THIRD AMENDED AND RESTATED PLEDGE AND SECURITY AGREEMENT
THIS THIRD AMENDED AND RESTATED PLEDGE AND SECURITY AGREEMENT (as it may be amended or otherwise modified from time to time, this "Security Agreement") is entered into as of April 2, 2015 by and among Smithfield Foods, Inc., a Virginia corporation (the "Company"), and the other Persons listed on the signature pages hereof (each, including the Company, a "Grantor", and collectively, the "Grantors") and Coöperatieve Centrale Raiffeisen-Boerenleenbank B.A., "Rabobank Nederland", New York Branch, in its capacity as administrative agent (the "Administrative Agent") for the Secured Parties.
PRELIMINARY STATEMENTS
Certain of the Grantors, certain of the other subsidiaries of the Company and the Administrative Agent entered into that certain Second Amended and Restated Credit Agreement dated as of June 9, 2011 (as amended, supplemented or otherwise modified prior to the date hereof, the "Existing Credit Agreement"). To secure the obligations of the Company under the Existing Credit Agreement, certain of the Grantors and certain of the other subsidiaries of the Company executed that certain Second Amended and Restated Security Agreement dated as of June 9, 2011 with the Administrative Agent (as amended, supplemented or otherwise modified prior to the date hereof, the "Prior Security Agreement").
Since the execution of the Prior Security Agreement, Farmland Foods, Inc. has merged with and into The Smithfield Packing Company, Incorporated and The Smithfield Packing Company, Incorporated is the successor in interest by merger to such party. As a result, Farmland Foods, Inc. is no longer party to the Existing Credit Agreement or the Prior Security Agreement.
Prior to the date hereof, The Smithfield Packing Company, Incorporated has changed its name to Smithfield Farmland Corp. and Premium Standard Farms, LLC has changed its name to Murphy-Brown of Missouri LLC.
Prior to the date hereof, Smithfield Farmland Sales Corp. has been joined as a subsidiary guarantor under the Existing Credit Agreement and a "grantor" under the Prior Security Agreement.
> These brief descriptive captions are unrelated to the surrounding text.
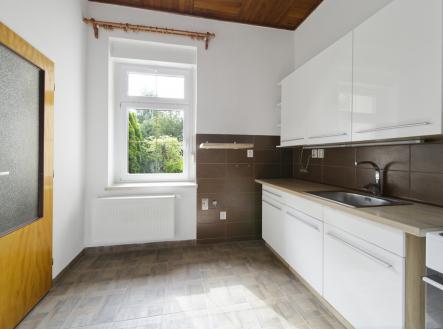 Pronájem bytu, 1+1, 50 m²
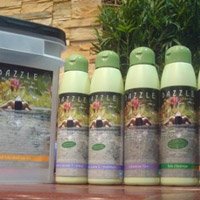 Can Hot Tub Chemicals Be Stored Outside?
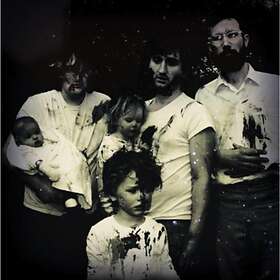 The Young Knives Sick Octave LP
Contemporaneously with the execution hereof, the Grantors are entering into that certain Third Amended and Restated Credit Agreement dated as of the date hereof (as amended, restated or otherwise modified from time to time, the "Credit Agreement") with the Administrative Agent and the lenders party thereto which, among other things, amends and restates the Existing Credit Agreement in full.
As required by the terms of the Credit Agreement, the parties hereto wish to amend and restate the Prior Security Agreement in its entirety as herein set forth (but not extinguish the security interests created thereby which are continued under the terms hereof).
ACCORDINGLY, the Grantors and the Administrative Agent, on behalf of the Secured Parties, hereby agree as follows:
ARTICLE I
DEFINITIONS
1.1.    Terms Defined in Credit Agreement. All capitalized terms used herein and not otherwise defined shall have the meanings assigned to such terms in the Credit Agreement.
1.2.    Terms Defined in UCC. Terms defined in the UCC which are not otherwise defined in this Security Agreement are used herein as defined in the UCC.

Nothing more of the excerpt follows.